> Collected data
--

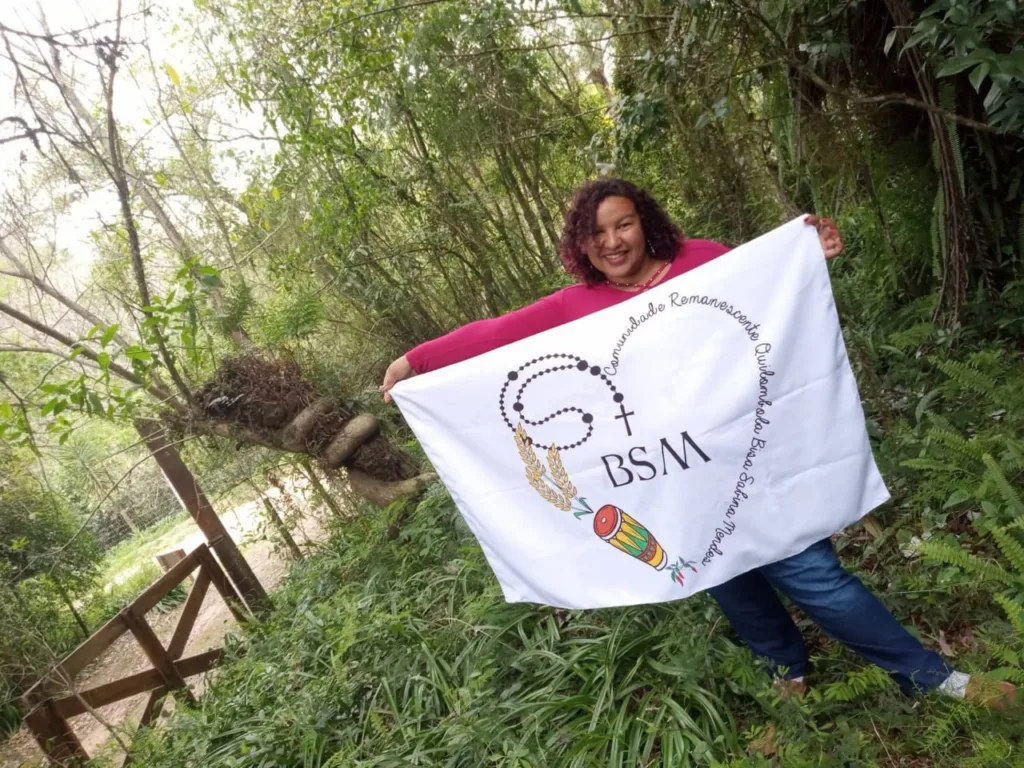 Vanessa Rodrigues Freitas segura a bandeira do Quilombo Bisa Sabina, desenhada por ela com símbolos da ancestralidade da comunidade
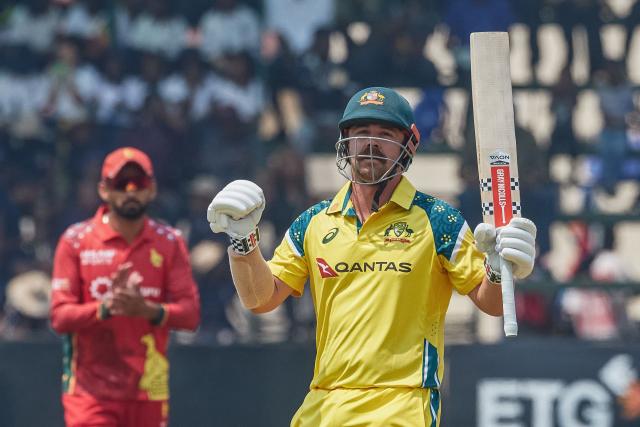 TOPSHOT - Australia's Travis Head celebrates after scoring a century (100 runs) during the second one-day international (ODI) cricket match between Zimbabwe and Australia at the Harare Sports Club in Harare on September 18, 2026. (Photo by Jekesai NJIKIZANA / AFP)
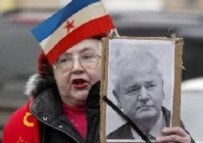A Russian supporter of the late Yugoslav President Slobodan Milosevic holds his portrait at a protest outside the U.S. Embassy in Moscow on March 13. (epa)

--

> Work task
Copy out the lines exactly as written, beginning with the one that contains "TOPSHOT - Australia's" and ending with the last line of the material; do not include pictures.

> Output for this task
 TOPSHOT - Australia's Travis Head celebrates after scoring a century (100 runs) during the second one-day international (ODI) cricket match between Zimbabwe and Australia at the Harare Sports Club in Harare on September 18, 2026. (Photo by Jekesai NJIKIZANA / AFP)
A Russian supporter of the late Yugoslav President Slobodan Milosevic holds his portrait at a protest outside the U.S. Embassy in Moscow on March 13. (epa)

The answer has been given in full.